►

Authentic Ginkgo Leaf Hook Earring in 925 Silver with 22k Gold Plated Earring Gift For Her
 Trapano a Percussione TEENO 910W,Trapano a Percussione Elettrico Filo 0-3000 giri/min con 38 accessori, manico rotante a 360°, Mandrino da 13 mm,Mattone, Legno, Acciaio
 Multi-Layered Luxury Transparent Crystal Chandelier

◄

**Task brief**
Take the lines above and print them exactly.

**Answer to this problem**
Authentic Ginkgo Leaf Hook Earring in 925 Silver with 22k Gold Plated Earring Gift For Her
 Trapano a Percussione TEENO 910W,Trapano a Percussione Elettrico Filo 0-3000 giri/min con 38 accessori, manico rotante a 360°, Mandrino da 13 mm,Mattone, Legno, Acciaio
 Multi-Layered Luxury Transparent Crystal Chandelier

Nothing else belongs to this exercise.